おくりびとの日記

数多くの仏様を成仏させた「おくりびと」が、お葬式の出会いを綴ります。終活の参考になれば幸いです。

遺骨の処分は海洋散骨へ

ワイドショーが「墓じまい」を取り上げていました。そして取り出した、先祖のご遺骨を、なんと海にまく海洋散骨を勧めています。お墓を処分すると、どうしても出てくる、多くの遺骨の行き先に悩みます。ほとんどの方は、新しく納骨堂を探して永代供養の形で納骨をするか、合祀墓と呼ぶ、大きなお墓の下で複数の遺骨をまとめて埋葬する墓地に納骨をします。合葬墓や合同墓、共同墓などとも呼ばれるこのお墓は血縁関係のない人たちの遺骨が一緒に埋葬され、長い年月で土に還ります。


ワイドショーは「近頃増えている散骨」も話題にしていました。散骨(さんこつ)とは、遺体を火葬した後の焼骨を粉末状にした後に海、山、空にそのまま撒く葬送方法です。勝手にこんなことをして法律的に大丈夫なのでしょうか?刑法190条に「死体、遺骨、遺髪又は棺に納めてある物を損壊し、遺棄し又は領得した者は三年以下の懲役に処する」とあります。しかし法務省は刑法190条について「葬送のための祭祀として節度をもって行われる限り遺骨遺棄罪に該当しない」という見解も出しています。


墓地埋葬法の第四条に「埋葬又は焼骨の埋蔵は、墓地以外の区域にこれを行ってはならない」とあります。墓埋法の解釈では「遺灰を海や山に撒く葬法は想定しておらず法の対象外である」という見解です。現在でも墓埋法に散骨の規定はありません。散骨は違法ではないが、合法でもないということでグレーゾーンなのです。 


そこで散骨サービスを行う業者は独自のモラルを一応決めています。海に撒く場合は海岸より20キロ以上離れます。航路や漁業が行われている海域と養殖場の地域は避けます。すべての焼骨を2∼3㎜程度の粉骨にします。環境保護の点から海水に溶けないものは撒かない、参列者の喪服着用は避ける、などがあります。
山へ撒く場合は、必ず粉骨にする。私有地の場合は山の所有者の承諾が必要である。山への散骨はあくまでも地面に撒く事であり、土の中に埋葬してはならない。散骨をした状態に人為的に土や落ち葉を掛ければ、それは埋葬になるので犯罪となります。各自治体の条例により禁止されている場所もあります。住宅地が近いとか、飲み水の採取場所などは絶対に避けます。地域生活者への配慮を考え目立たない服装で行ない防火上線香やローソクは厳禁です。

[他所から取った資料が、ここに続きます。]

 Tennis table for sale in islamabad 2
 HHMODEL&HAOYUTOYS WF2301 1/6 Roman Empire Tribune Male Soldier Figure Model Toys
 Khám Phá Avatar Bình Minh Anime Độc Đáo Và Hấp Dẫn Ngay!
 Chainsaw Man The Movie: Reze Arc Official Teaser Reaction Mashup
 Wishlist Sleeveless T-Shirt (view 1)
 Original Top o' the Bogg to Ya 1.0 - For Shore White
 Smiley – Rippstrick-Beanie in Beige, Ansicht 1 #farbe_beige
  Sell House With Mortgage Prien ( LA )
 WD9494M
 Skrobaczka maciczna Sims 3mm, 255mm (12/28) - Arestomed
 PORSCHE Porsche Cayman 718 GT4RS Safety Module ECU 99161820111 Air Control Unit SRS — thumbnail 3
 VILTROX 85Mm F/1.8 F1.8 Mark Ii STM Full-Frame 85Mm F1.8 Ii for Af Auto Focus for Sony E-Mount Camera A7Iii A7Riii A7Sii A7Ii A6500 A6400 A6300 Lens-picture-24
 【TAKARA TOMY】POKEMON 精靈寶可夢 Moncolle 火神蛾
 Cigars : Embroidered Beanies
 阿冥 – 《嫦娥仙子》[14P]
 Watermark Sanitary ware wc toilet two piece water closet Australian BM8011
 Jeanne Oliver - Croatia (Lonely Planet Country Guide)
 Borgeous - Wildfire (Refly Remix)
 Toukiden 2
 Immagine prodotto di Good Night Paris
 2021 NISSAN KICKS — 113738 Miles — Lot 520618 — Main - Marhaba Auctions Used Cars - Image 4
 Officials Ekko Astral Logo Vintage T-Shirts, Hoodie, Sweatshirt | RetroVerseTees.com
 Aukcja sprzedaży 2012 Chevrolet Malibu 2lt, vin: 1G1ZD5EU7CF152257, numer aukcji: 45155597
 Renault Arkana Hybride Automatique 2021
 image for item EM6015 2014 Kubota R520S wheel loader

墓じまいをした後の遺骨の処分に「海洋散骨」を勧めるワイドショーのコメンテーターの意見には疑問を持ちます。そしてお墓を持たない世代の海や山への散骨人気にも本当にそれで気持ちの整理がつくのかと首をかしげます。当然、海や山での散骨を選ぶと、ご遺骨は二度と戻ってきません。「ただの焼骨には魂も無いし供養する物でも無い」と割り切れる方は少ないと思います。そして遺骨を納めるお墓の意義は、単純に納骨の役目だけではないように私は感じています。皆様の中にも、お墓の前で、様々な報告やお願いをされた経験を持つ方は沢山おられるはずです。


近頃は墓じまいの後のお骨の処分を遺族が立ち会わずに業者が代行する「代理散骨」も増えているようです。墓じまいは増えると思いますが、遺骨の行く先は家族と親族が納得し、心から良かったと思える葬送にして欲しいと思う私です。